JD initially sold only electronics. But Liu realized he needed a full-category mall—so again, all-in.
This time investors strongly objected: Just follow Egg.com’s model, go public later, valuation could easily multiply 100x—investors could exit profitably.
Liu refused. He said: “Either follow me into full-category, or I’ll compensate you fully with my equity if it fails. I’ll walk away bankrupt, but you won’t lose big.”
He bet right.
Repeated wins reinforced his confidence, making him bolder in all-ins. When JD’s logistics kept getting stolen and service sucked, he decided to build his own warehouses and delivery teams—extremely capital-intensive, burning through all JD’s profits. Investors wanted to pull out, pushing JD to the brink of bankruptcy—luckily, another big investor stepped in and saved it.
Afterward, JD surged ahead, while Egg.com and others collapsed.
Today’s rise of Pinduoduo and Liu expanding overseas are beyond our scope here.
From Liu Qiangdong, and other investing/entrepreneurial legends I know, I see consistent extreme bets—making me reflect: My own heavy betting has been too timid. Reviewing past opportunities, I acted too lightly.
Thus began stage three.
3)极致 heavy betting.
This seems similar to stage one, but the underlying logic differs. Stage one was akin to blind all-in; stage three is equally extreme but far more deliberate.
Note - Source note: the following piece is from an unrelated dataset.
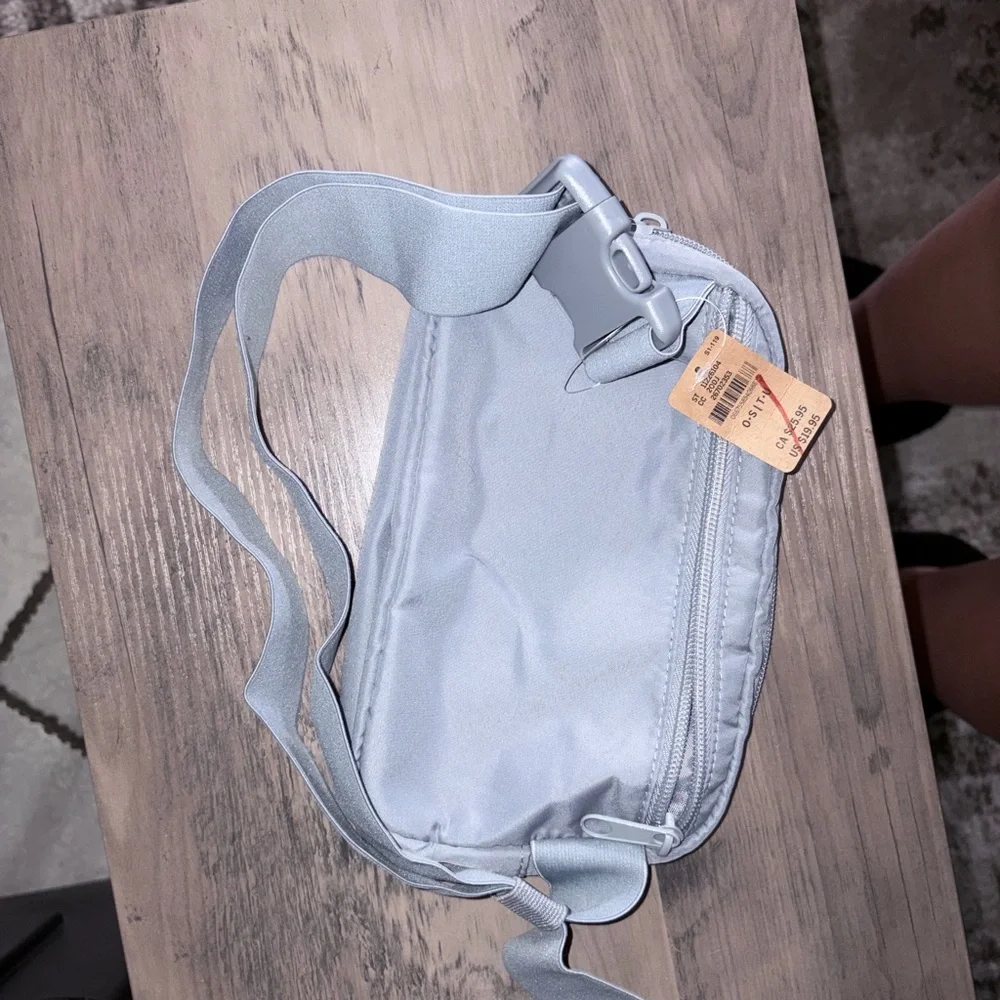 Victoria's Secret Silver Belt Bag - Picture 2 of 2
The distinction is subtle—I won’t bother detailing it further.
In this phase, I’ve made several strong moves, but also stepped into a major pit—perhaps inevitable in hindsight.
Currently, my understanding of heavy betting has reached a new level—heavy, accurate, fast.
Risk warning: Heavy betting without accuracy leads to disaster.
Do you have the ability to “see clearly”? Judge using common sense:
Where does your insight stand among peers?
Is your investment return aligned with your perceived level of understanding?
Is the mismatch temporary, or are you deluding yourself?
Fundamentally, everyone thinks before investing—but such thinking is inevitably filled with bias and error. Only through common sense can we self-reflect: The less you truly know, the less you succeed, the bigger your mistakes.